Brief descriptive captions
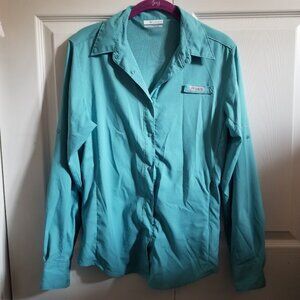 Columbia PFG Women's Shirt Medium Light Blue Teal Pocket Vented Omni-Shade Logo
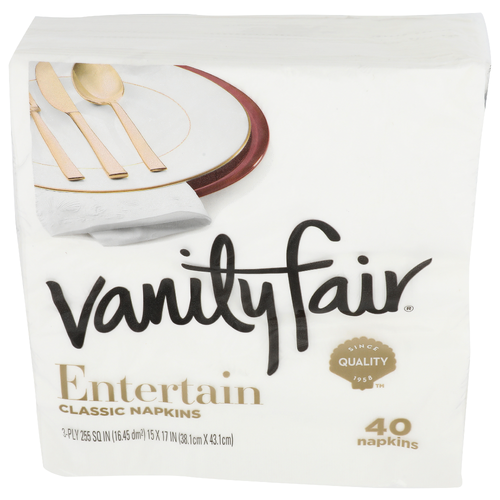 Vanity Fair Entertain Classic Napkins - 40 Count
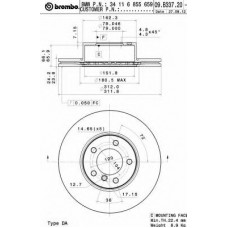 Диск гальмівний передн. (вир-во BREMBO)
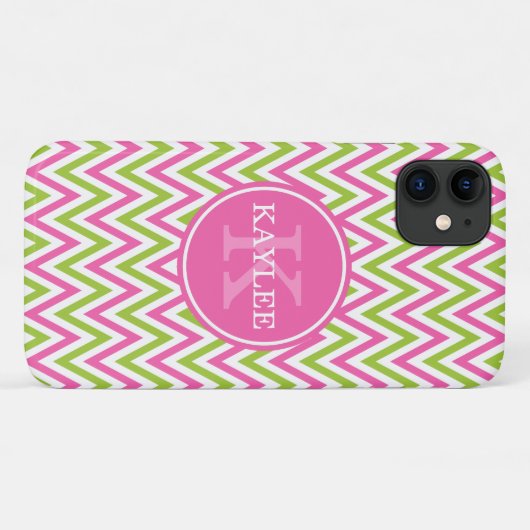 Coques Case-Mate iPhone Chaux rose moderne Vert Chevron & Monogramme (Dos (Horizontal))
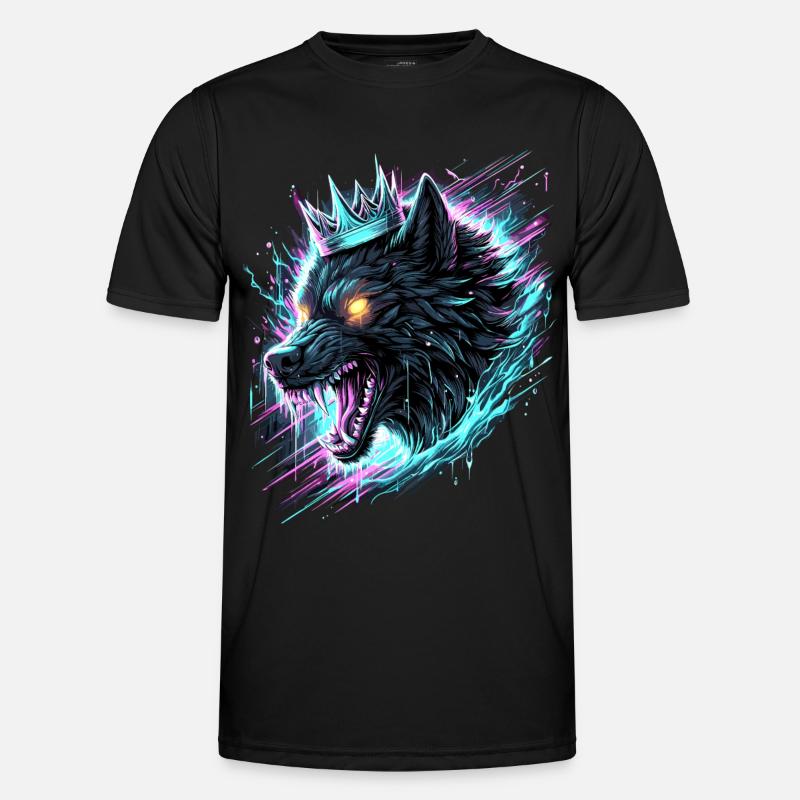 Königlicher Wolf Synthwave - Männer Funktions-T-Shirt - Schwarz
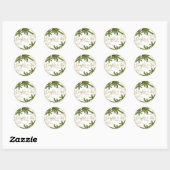 Sticker Rond Boughs de pin de vacances Confort et joie (Feuille)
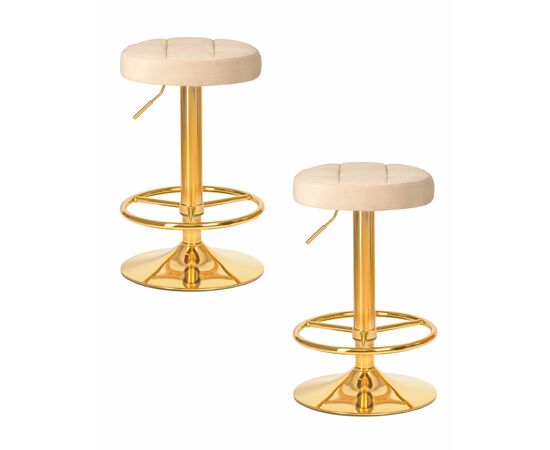 Набор 2 шт Табурет барный DOBRIN BRUNO GOLD, бежевый велюр (MJ9-10), Вариант: бежевый велюр (MJ9-10) | Интернет магазин мебели и декора LifeDekor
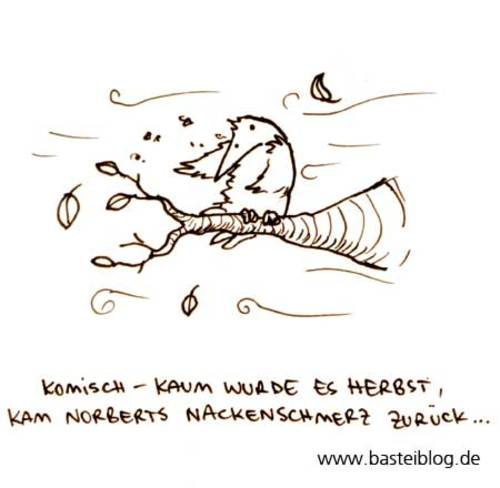 Cartoon: Nackenschmerz. (medium) by puvo tagged vogel,bird,herbst,autumn,wind,sturm,storm,tempest,nacken,nape,neck,schmerz,pain
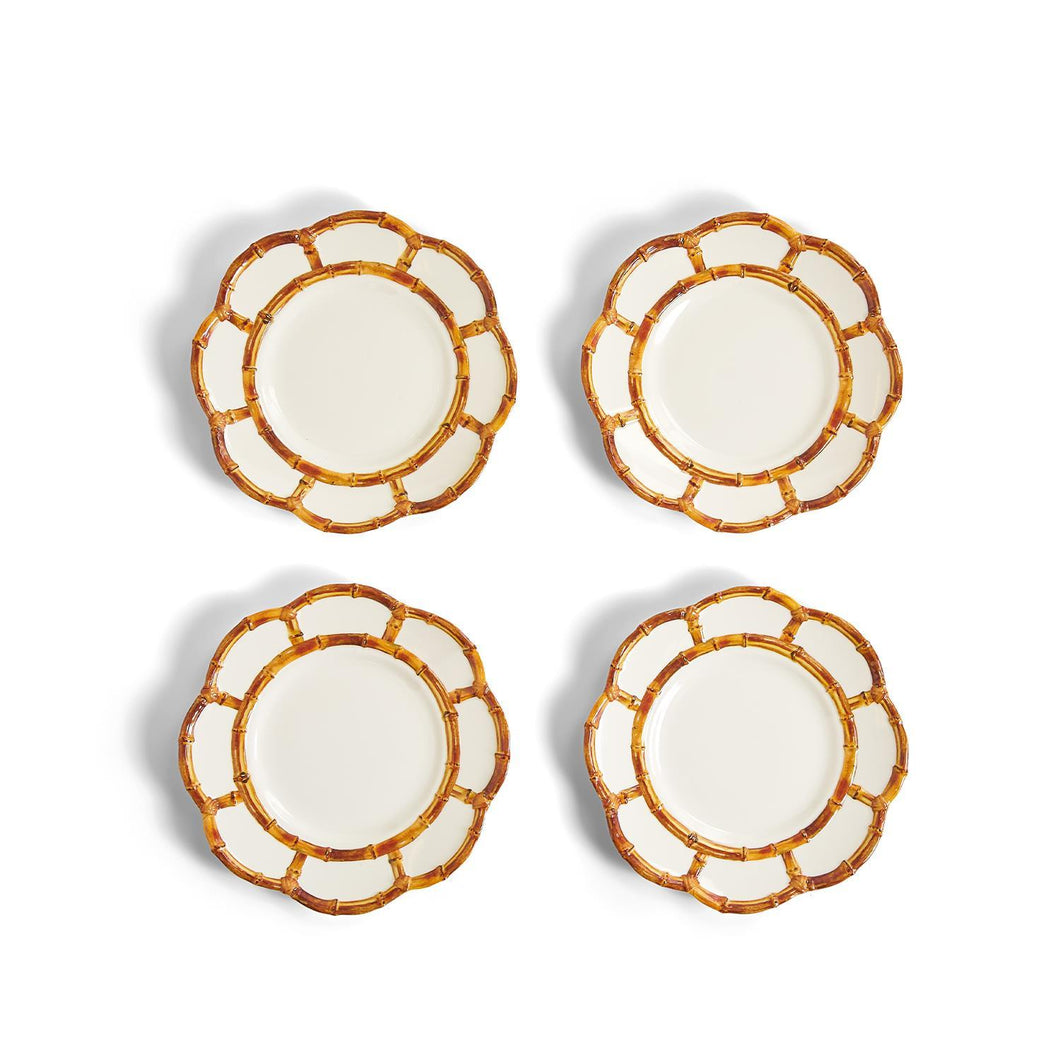 Two's Company Bamboo Touch Set of 4 Salad/Dessert Plates With Bamboo Rim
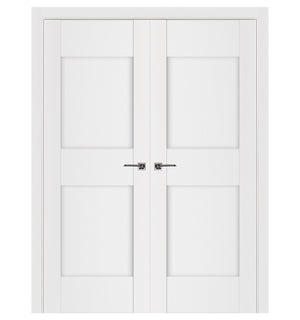 Nova Stile 013 Soft White Laminated Modern Double Pre-Hung Door - Doors and Beyond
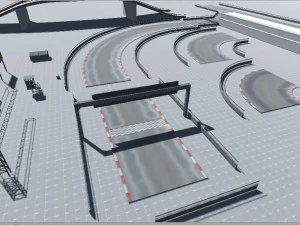 Rennstrecken-Modulbausatz 3D Modell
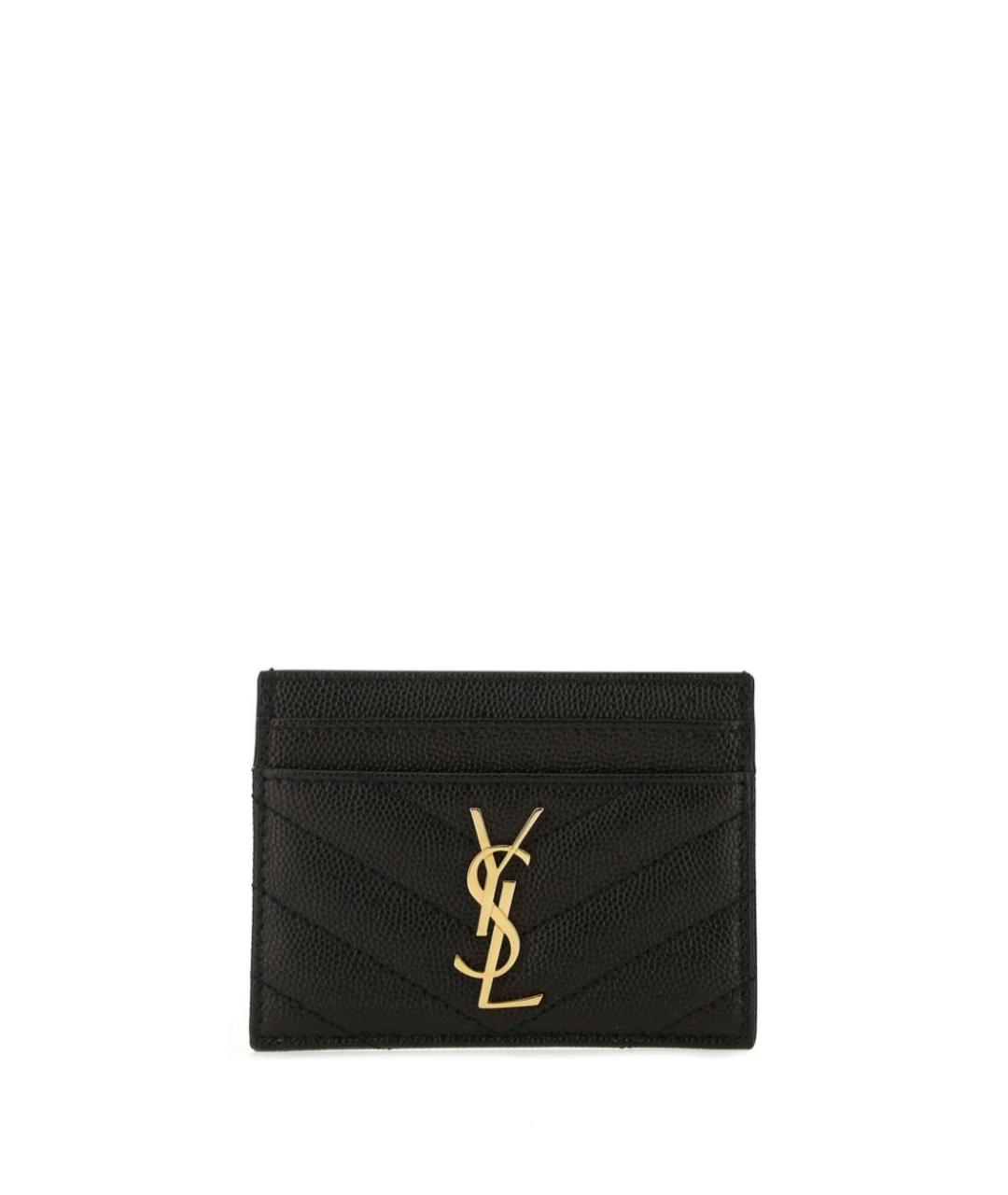 SAINT LAURENT Черный кожаный кардхолдер, фото 1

### Exercise details
Above are some entries; copy exactly the lines from the line with "Coques Case-Mate iPhone" through the line with "Набор 2 шт Табурет", both included, but none of the pictures.

### Your solution
 Coques Case-Mate iPhone Chaux rose moderne Vert Chevron & Monogramme (Dos (Horizontal))
 Königlicher Wolf Synthwave - Männer Funktions-T-Shirt - Schwarz
 Sticker Rond Boughs de pin de vacances Confort et joie (Feuille)
 Набор 2 шт Табурет барный DOBRIN BRUNO GOLD, бежевый велюр (MJ9-10), Вариант: бежевый велюр (MJ9-10) | Интернет магазин мебели и декора LifeDekor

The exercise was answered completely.